Contrary to appearances, I haven't completely abandoned eFoundations, but recently I've mostly been working on the JISC-funded LOCAH project which I mentioned here a while ago, and my recent scribblings have mostly been over on the project blog.
LOCAH is working on making available some data from the Archives Hub (a collection of archival finding-aids i.e. metadata about archival collections and their constituent items) and from Copac (a "union catalogue" of bibliographic metadata from major research & specialist libraries) as linked data.
So far, I've mostly been working with the EAD data, with Jane Stevenson and Bethan Ruddock from the Archives Hub. I've posted a few pieces on the LOCAH blog, on the high-level architecture/workflow, on the model for the archival description data (also here), and most recently on the URI patterns we're using for the archival data.
I've got an implementation of this as an XSLT transform that reads an EAD XML document and outputs RDF/XML, and have uploaded the results of applying that to a small subset of data to a Talis Platform instance. We're still ironing out some glitches but there'll be information about that on the project blog coming in the not too distant future.

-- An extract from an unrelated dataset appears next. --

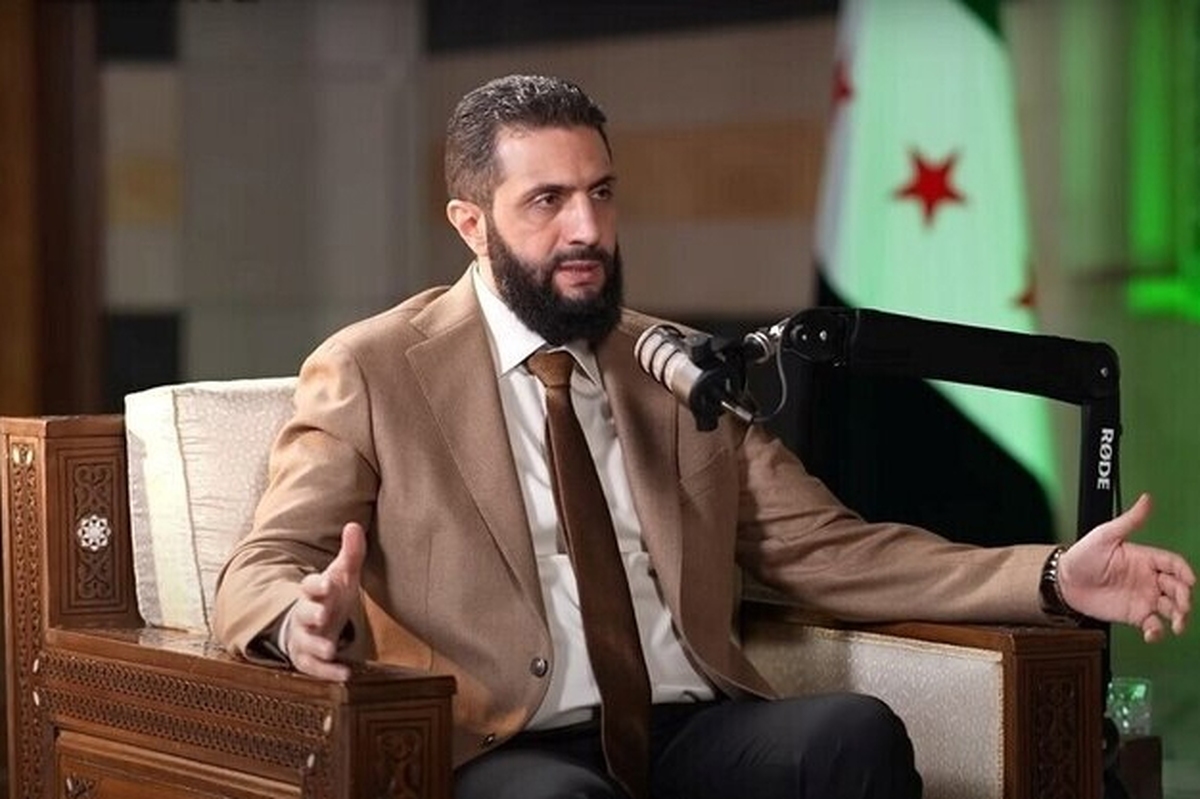 رئیس موقت سوریه تاکید کرد وی در نشست‌های مجمع عمومی سازمان ملل در نیویورک شاهد پافشاری بین‌المللی بر وحدت و ثبات سوریه و مخالفت با تجزیه آن بوده است.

On a personal note, I'm quite enjoying the project. It gives me a chance to sit down and try to actually apply some of the principles that I read about and talk about, and I'm working through some of the challenges of "real world" data, with all its variability and quirks. I worked in special collections and archives for a few years back in the 1990s, when the institutions where I was working were really just starting to explore the potential of the Web, so it's interesting to see how things have changed (or not! :-)), and to see the impact of and interest in some current technological (and other) trends within those communities. It also gives me a concrete incentive to explore the use of tools (like the Talis Platform) that I've been aware of but have only really tinkered with: my efforts in that space inevitably bring me face to face with the limited scope of my development skills, though it's also nice to find that the availability of a growing range of tools has enabled me to get some results even with my rather stumbling efforts.
It'a also an opportunity for me to discuss the "linked data" approach with the archivists and librarians within the project - in very concrete ways based on actual data - and to try to answer their questions and to understand what aspects are perceived as difficult or complex - or just different from existing approaches and practices.
So while some of my work necessarily involves me getting my head down and analysing input data or hacking away at XSLT or prodding datasets with SPARQL queries, I've been doing my best to discuss the principles behind what I'm doing with Jane and Bethan as I go along, and they in turn have reflected on some of the challenges as they perceive them in posts like Jane's here.
One of the project's tasks is to:
Explore and report on the opportunities and barriers in making content structured and exposed on the Web for discovery and use. Such opportunities and barriers may coalesce around licensing implications, trust, provenance, sustainability and usability.
I think we're trying to take a broad view of this aspect of the project, so that it extends not just to the "technical" challenges in cranking out data and how we address them, but also incorporates some of these "softer" elements of how we, as individuals with backgrounds in different "communities", with different practices and experiences and perspectives, share our ideas, get to grips with some of the concepts and terminology and so on. Where are the "pain points" that cause confusion in this particular context? Which means of explaining or illustrating things work, and which don't? What (if any!) is the value of the "linked data" approach for this sort of data? How is that best demonstrated? What are the implications, if any, for information management practices within this community? It may not be the case that SPARQL becomes a required element of archivists' training any time soon, but having these conversations, and reflecting on them, is, I think, an important part of the LOCAH experience.